Our ability to manage or reduce the error rates in quantum computers will determine the pace at which we reach the capacity to begin leveraging quantum computers for these innovative leaps. If we can understand the impact of errors and how well current techniques can compensate for them, we can gain insight into what stage of development the quantum computing industry has reached.

How are quantum computing errors different from classical computing errors?

Computing devices deal with the processing of information. Classical computers store information and perform operations on bits, which are hardware memory elements with two discrete states labeled 0 and 1. These computers perform operations by manipulating information stored on bits according to program specifications.  

Quantum computers have a hardware component that is analogous to the classical “bit,” a “qubit” (or quantum bit).
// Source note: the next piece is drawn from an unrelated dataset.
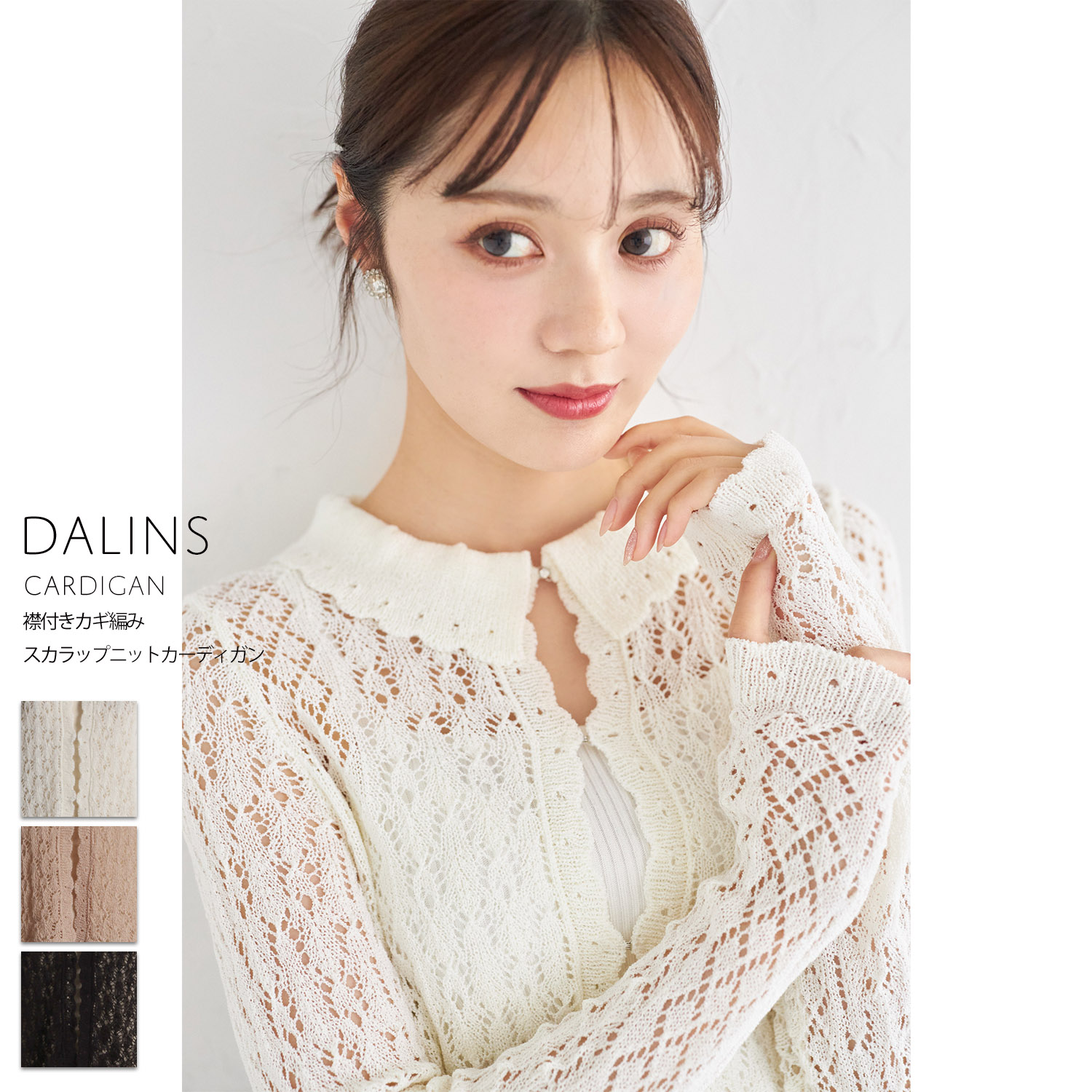 楽天市場】バックレースアップギャザースリーブカットワーク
Qubits can store the same binary states allowed by a conventional computer, but quantum mechanical features--namely superposition and entanglement-- also allow for additional states to be stored and manipulated. Researchers posit that this extra capacity introduced by quantum mechanics will allow quantum computers to achieve performance that is impossible for classical computers—notably, quantum computing algorithms aim to solve dense, combinatoric problems that would require a prohibitively large amount of time for their classical counterparts.  

A computing error, quantum or not, is any undesired operation that replaces the state of memory with another state. In conventional computers, an error on a single bit is limited to an accidental flip from 0 to 1, or from 1 to 0. Since additional states are featured beyond sequences of bits in quantum computing, errors can take many more forms. There are more quantum states than conventional bit sequences, leaving room for more types of undesired state alterations. 
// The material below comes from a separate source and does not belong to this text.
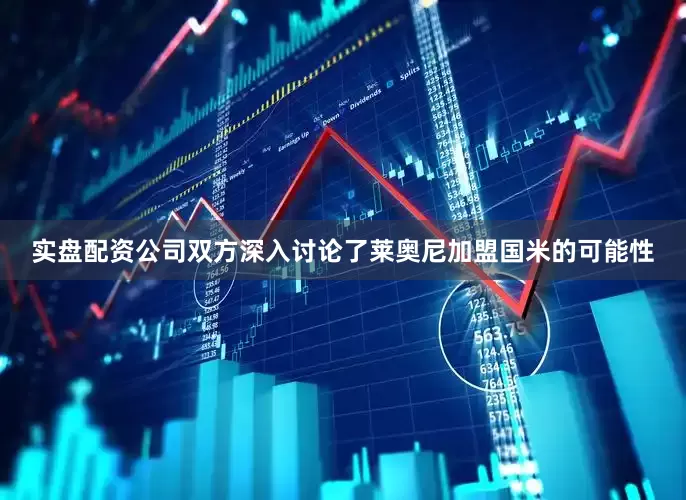 实盘配资公司双方深入讨论了莱奥尼加盟国米的可能性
Because qubits must leverage the effects of quantum mechanics, they are inherently small and very sensitive to interactions with their environment, which can introduce errors or destroy the stored state entirely.

Because qubits must leverage the effects of quantum mechanics, they are inherently small and very sensitive to interactions with their environment, which can introduce errors or destroy the stored state entirely. Below are some examples of noise sources that can be detrimental to a quantum computer’s ability to perform a calculation. 

Sources of quantum computing errors: 

  • External forces: Even small vibrations or variations in magnetic forces, electric currents, or ambient temperature can cause quantum computations to return incorrect results or, in some types of quantum computers, to lose the state of memory entirely. 

  • Internal control: Since qubits are extremely sensitive to small fluctuations, the precision of the signals used to act on the stored states for computations must be very high. Any deviation from a perfect signal will result in errors. 

What is computing error correction? 

Conventional computing errors typically occur because one or more bits unexpectedly flip. Error correction strategies have been developed to correct these bit flips and return the system to the expected state. The usage of error correction was prevalent in early computing systems before the technology was sufficiently advanced to be very robust to changes in the environment.  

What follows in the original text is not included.